That amounts to $75 million dollars spent on two races in Georgia and those figures do not include what was spent the last two weeks of the campaign for Nunn and Perdue.

According to the AJC, the Center for Public Integrity states that we have seen over 65,000 television ads for the senatorial race. That doesn’t count print ads or the ever increasing robo-calls from minor celebrities urging us to vote for a certain candidate. And I ask you, while I know that Pat Boone was a minor heart throb in the 1950s and ’60s, what makes him qualified to tell me how to vote in Georgia? To the best of my knowledge he lives in California.

And don’t those who run the campaigns of candidates realize that most of us have telephones that tell us who is calling? When we don’t recognize the number, we don’t answer. And when we finally get around to deleting calls from the answering machine, we don’t listen to those minor celebrities or family members urging us to vote for certain candidates.
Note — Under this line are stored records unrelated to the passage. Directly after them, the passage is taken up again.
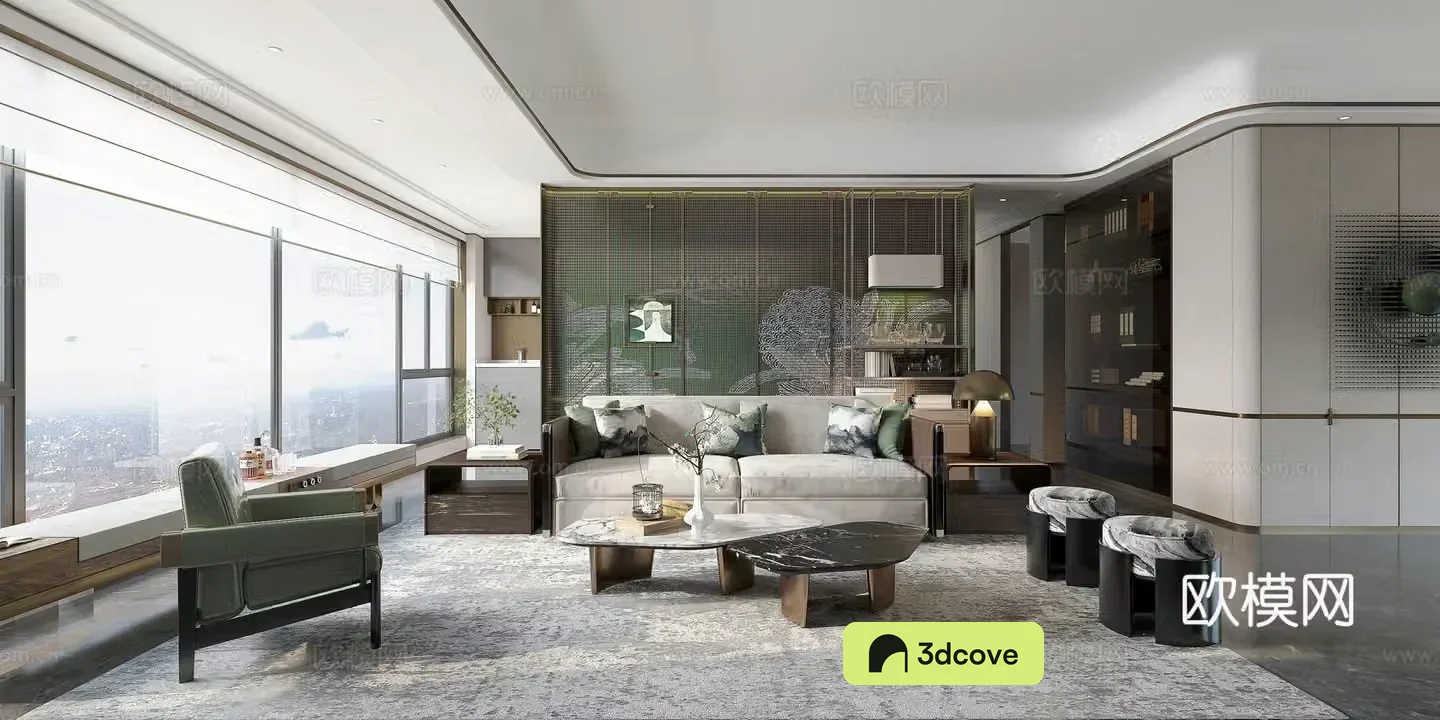 New Chinese living room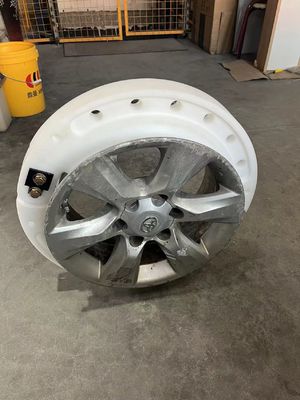 Hohes Polymer-Notlaufflacher Reifen fügt Fahrzeug-laufender Sicherheits-Laufflaches Gerät ein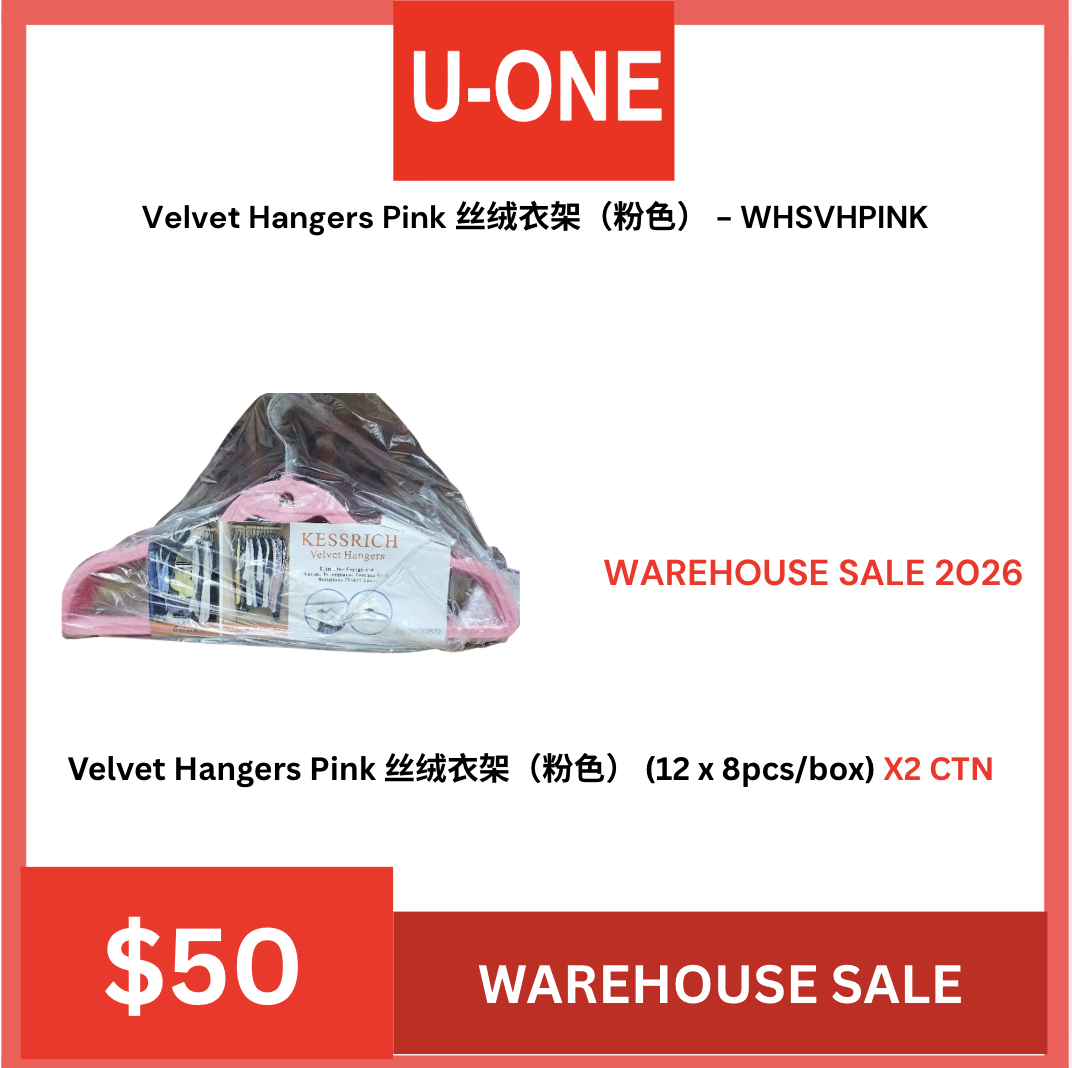 WAREHOUSE SALE Velvet Hangers Pink 丝绒衣架（粉色） - WHSVHPINK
That is money that campaign managers would do well not to spend.

The ads that we did see, for the most part, were more about what was wrong with the opposition, not ‘vote for me because I will do this and that’. It was “don’t vote for the other guy because he will do this or that.”

I hear people, including myself and members of the press, bemoaning the fact that there are no statesmen. No men who are willing to compromise for the good of the nation. How can there be when they have bashed members of the opposite party to such an extent that there can be no goodwill between the parties?

Did you notice that those who spent the most money won?

And why are people willing to spend so much money to win public office? Actually, those running usually spend very little of their own money. They depend on donations from interested parties. So the question is: Why are donors (usually special interest groups) willing to give so much money to political candidates? And the obvious answer is so that when their candidate is in office, he or she will vote for legislation that will in some way help the donor financially to recoup the money donated (and usually to make much, much more money).

This system makes us all kind of cynical. And it’s a vicious cycle. You can’t get elected without money for advertisements, and if you accept money, you are beholden to companies and organizations that support you.

I think our founding fathers are turning over in their graves. Our founding fathers went out of their way to make sure that the requirements for holding public office would hopefully guarantee educated candidates who wanted the best for their country. Then they specified that we would vote for members of an electoral college who would then choose a president.

In a time when very few people traveled more than 30 or 40 miles from their homes, the founding fathers wanted to make sure that people voted for individuals of integrity whom they knew personally, not the most powerful person who spent the most money and made empty promises. I am sure most of the men and women elected today think they can change the world, but once in office and pitted against the Democratic and Republican political machines, they quickly become disillusioned.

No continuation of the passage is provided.